Crowninshield employed the "fisherman profile" design in 1913 when commissioned by Chicago condensed milk magnate John Borden to draw up plans for a schooner yacht for Arctic hunting expeditions. Laid down at the Rice Brothers' Yard in East Boothbay, Maine, the vessel was completed by the fall of 1913 at a cost of $50,000.00. Christened Adventuress, the schooner sailed and motored to Seattle, Washington, by way of the Straits of Magellan. There, she was to sail in May 1914 for Wrangel Island "if conditions search of big game." [3] Borden made one voyage to Alaska in Adventuress before selling her at Seattle to the San Francisco Bar Pilots' Association in 1914.

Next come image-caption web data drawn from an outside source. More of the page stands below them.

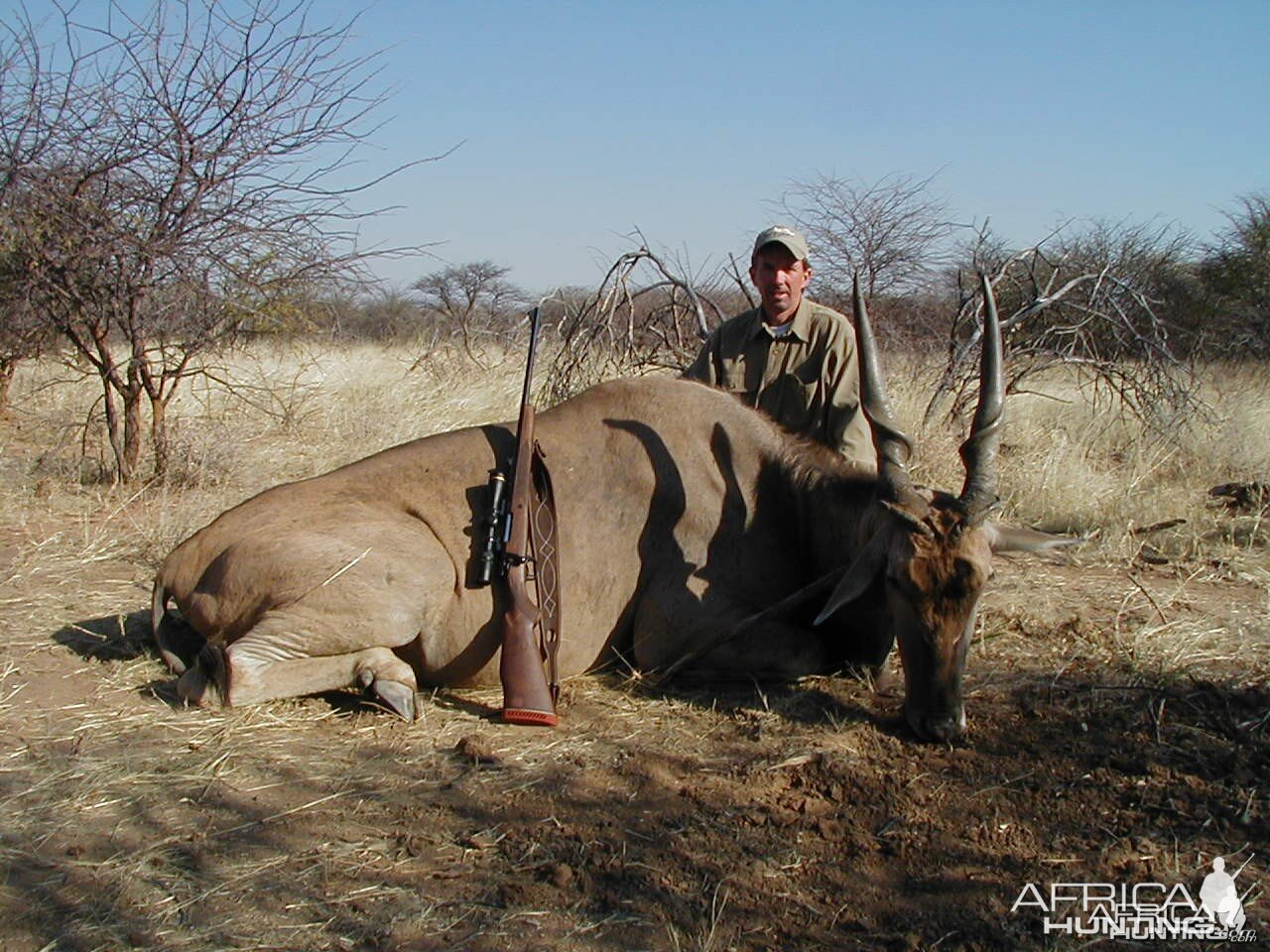 Hunting Cape Eland in Namibia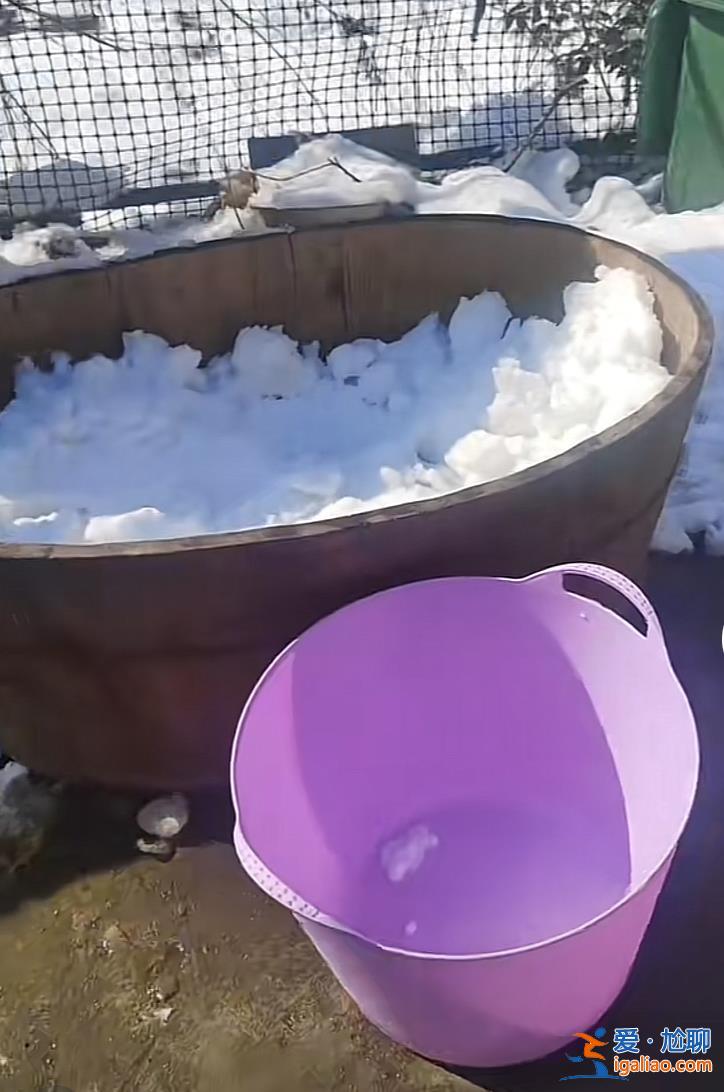 湖南暴雪一日？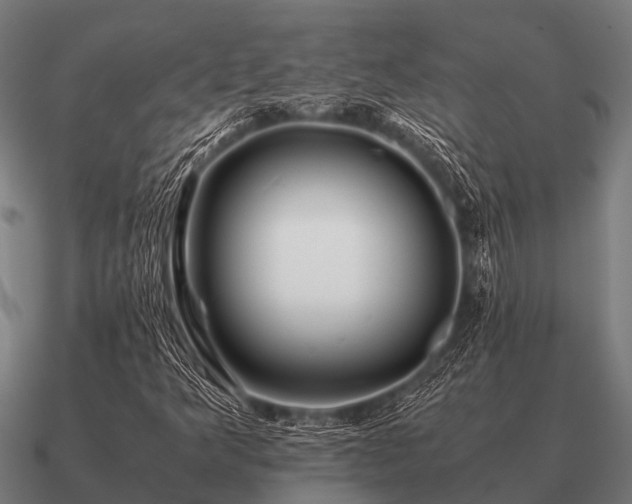 X0000090901349200708061456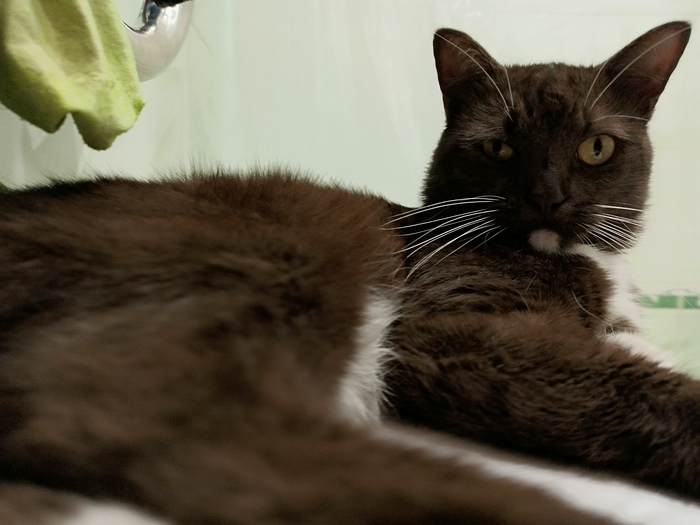 Подмигивает)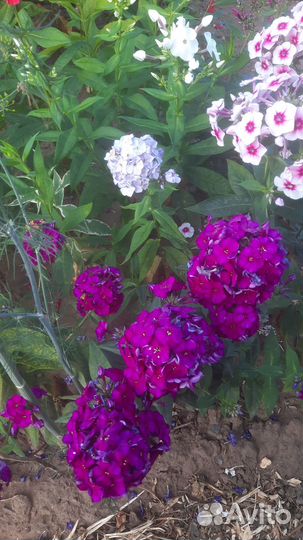 Флоксы многолетние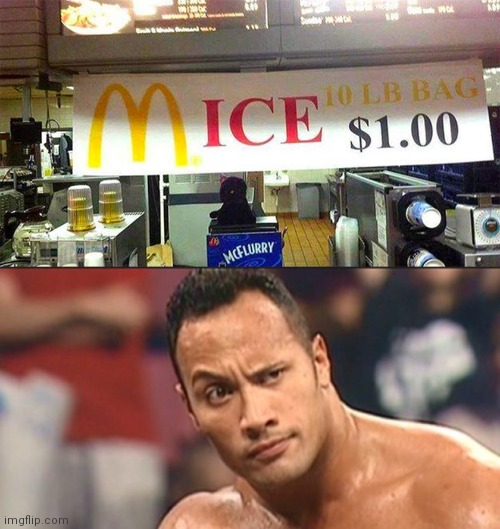 Yum, mice! My favourite! | image tagged in the rock eyebrow,hmmm,hmmmm,mice,delicious | made w/ Imgflip meme maker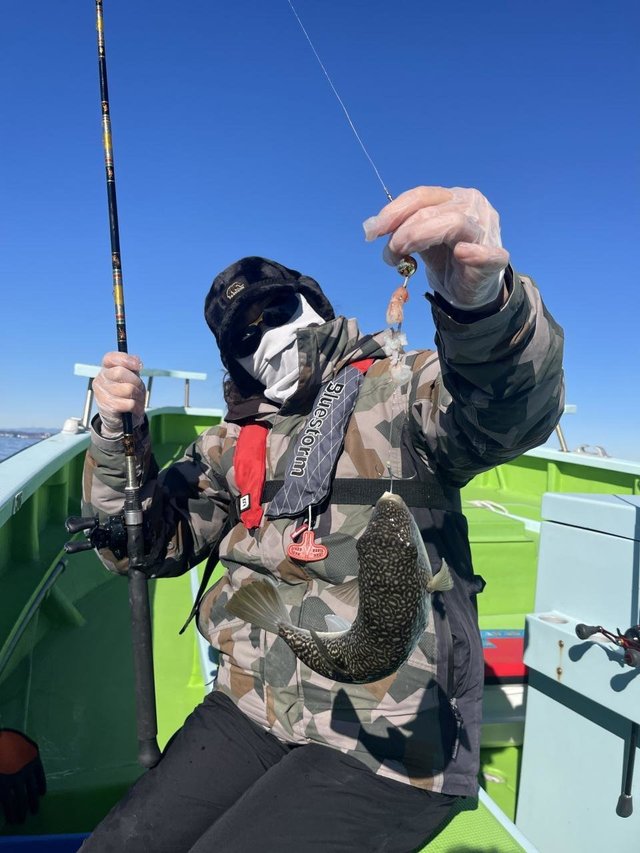 フグ(ショウサイフグ)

The San Francisco Bar Pilots

The port of San Francisco, which boomed into prosperity as principal American port on the Pacific during the California gold rush and retained its primacy well into the 20th century, was marked by a narrow and treacherous entrance and a shallow bar three miles off the Golden Gate. Beginning in 1849 pilot vessels began service on the bar, and legislative action in 1849, 1850, and 1852, franchised pilot lines and provided for a board of pilot commissioners. In the 1860s the various companies merged to form the San Francisco Bar Pilots' Association. The rugged conditions of the San Francisco Bar wrecked many pilot boats, eight vessels being lost between 1849 and 1914. The 19th pilot vessel to be acquired was Adventuress, purchased to replace the pilot boat Pathfinder which had wrecked at Point Diablo in the fog on January 14, 1914. Brought to San Francisco, Adventuress remained in service as pilot boat "15" from 1914 to 1952. [4] In March 1936, the typical routine of Adventuress and her two sailing mates, the pilot boats Gracie S. and California, was described:

Three beautiful schooners make up the fleet of the San Francisco Bar Pilots. Two of them-- the California and the Gracie S.--are known as station ships and their job is to alternate on the sea patrol, five days out and five days in. The third boat, the Adventuress, shuttles back and forth, also always on call, taking out pilots or bringing back pilots or carrying supplies or needed equipment. The boats are under sail constantly except when powering in and out of the Gate. [5]

Photo courtesy of Youth Adventure Inc., 1986.
Retired and sold in 1952, Adventuress passed through several private owners before being acquired by the present owners, Youth Adventure, Inc., who operate the vessel as a sailing school offering training for youths and adults in sailing, safety, and "other constructive sea-oriented activities," keeping Adventuress active and alive as she nears her 75th birthday.


1. Howard I. Chapelle, The American Fishing Schooners, 1825-1935 (New York: W.W. Norton and Co., Inc., 1973) pp. 244-245.

2. Ibid., p. 221.

3. "Auxiliary Schooner Adventuress," The Rudder, October 1913, pp. 246-247.

4. List of San Francisco Bar Pilot Boats, (n.d.) manuscript at the National Maritime Museum, San Francisco; discussion with Capt. Robert Daly, S.F. Bar Pilot (retired) and Bar Pilot Historian, July 1, 1988.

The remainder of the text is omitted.